*WORK TASK*
With all pictures omitted, return verbatim the lines from the beginning of the records below through the line containing "Floral Santa Long Sleeve Simply Southern Tee".

━━━ ENTRIES PROVIDED ━━━

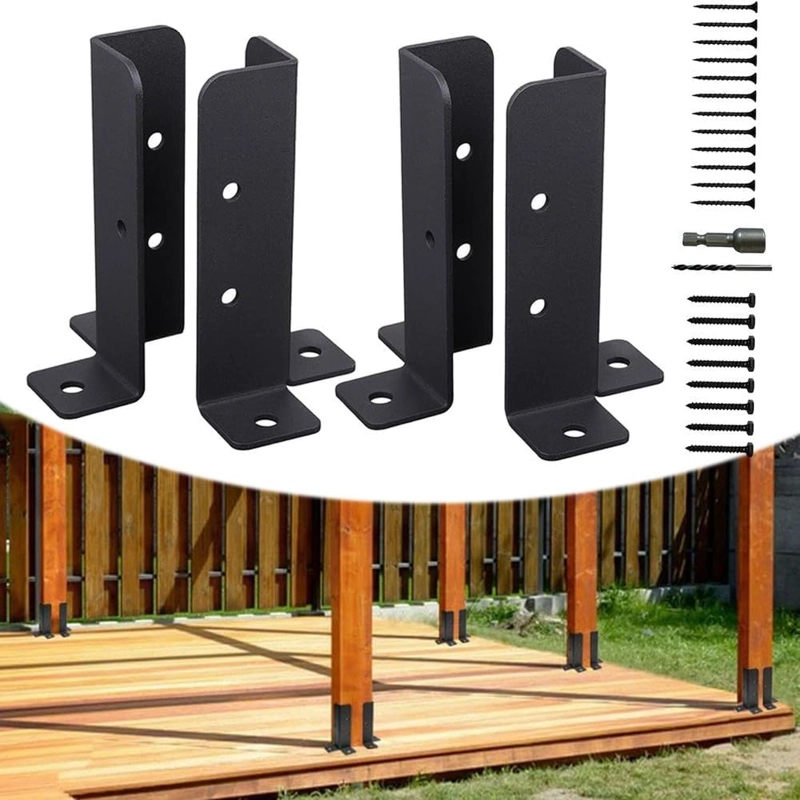 SOPORTES BASE PILARES DE MADERA ADAPTABLES KIT 4 PZAS - 8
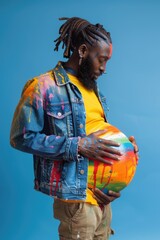 A person with dreadlocks holding a colorful ball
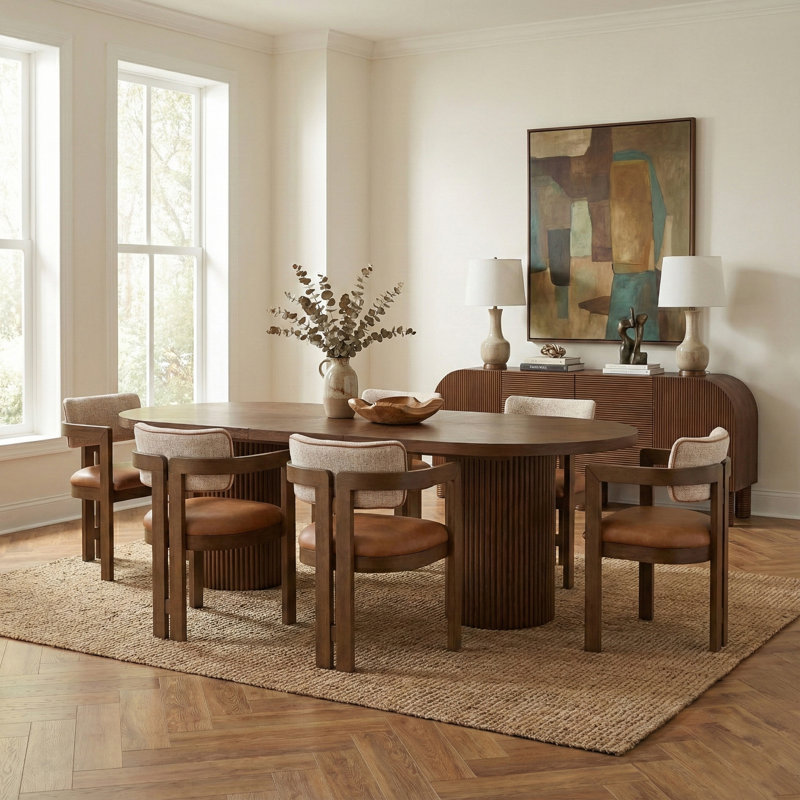Belinda Oak Dining Table, Brown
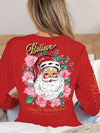 Floral Santa Long Sleeve Simply Southern Tee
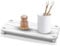 Acidea Quick Drying Stone Sink Tray, Instant Dry Sink Organizer Bathroom, Water Absorbing Stone Tray for Sink, Fast Drying Diatomaceaous Earth Sink Caddy for Kitchen Bathroom Counter, 11x4.3in, White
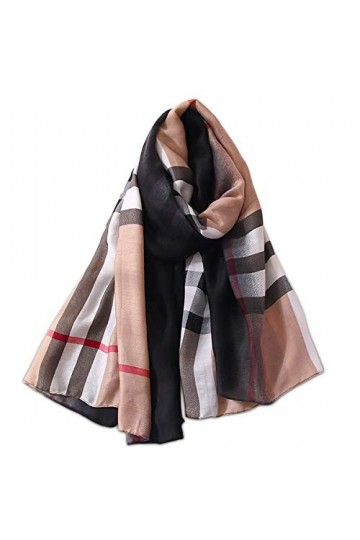 LumiSyne Chaude Écharpe Femmes Mode Léopard Carreaux Doux Coton Foulard Imprimée Asymétrique Unique Grand Châle Automne Hiver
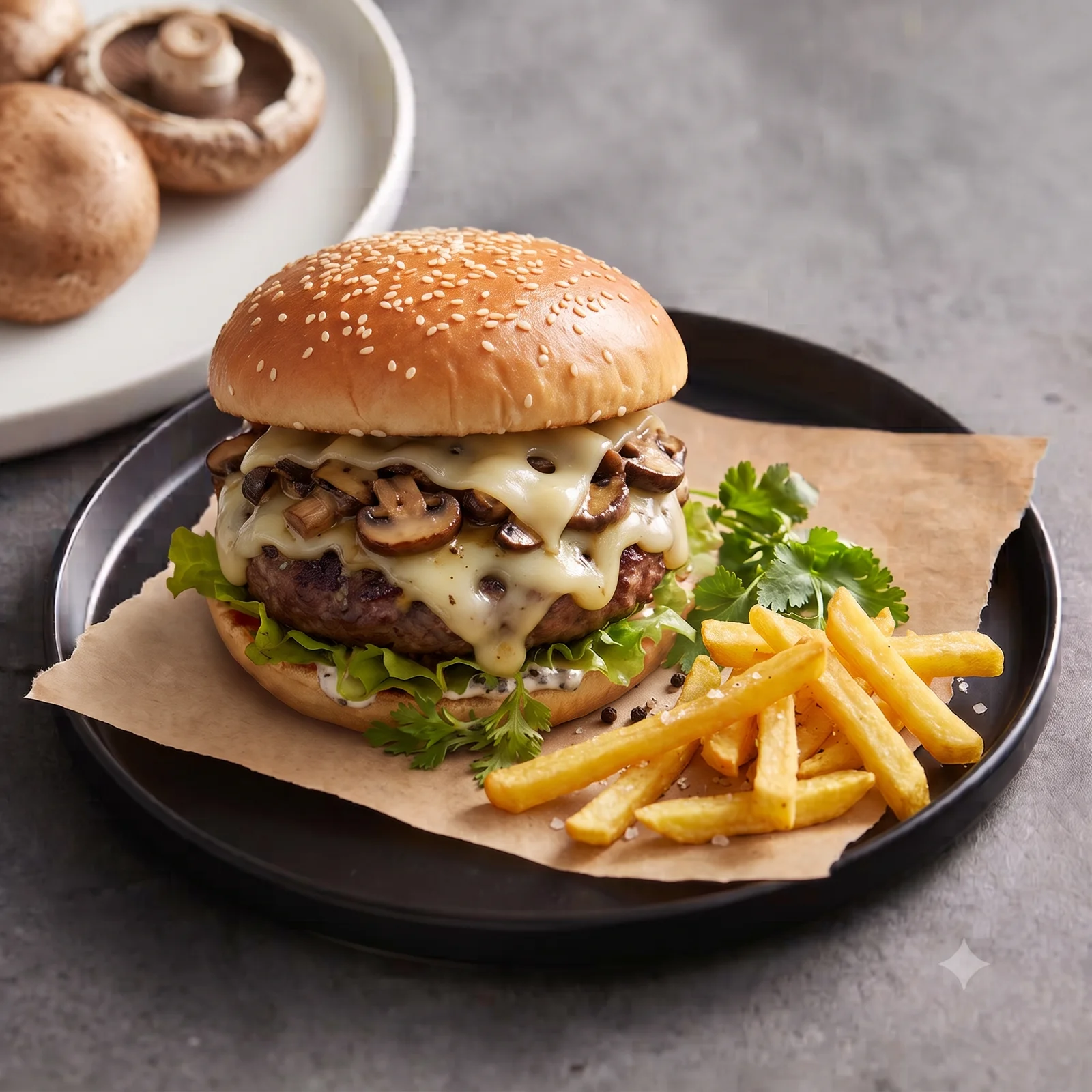 Mushroom Swiss (Mantarlı) Burger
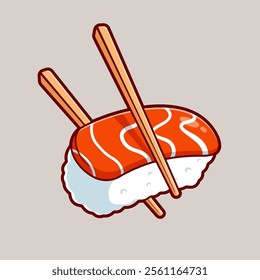 Salmon Sushi Food With Chopstick Cartoon Vector Icon 
Illustration. Food Holiday Icon Concept Isolated Premium 
Vector. Flat Cartoon Style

━━━

*THE COMPLETED TASK*
 SOPORTES BASE PILARES DE MADERA ADAPTABLES KIT 4 PZAS - 8
 A person with dreadlocks holding a colorful ball
Belinda Oak Dining Table, Brown
 Floral Santa Long Sleeve Simply Southern Tee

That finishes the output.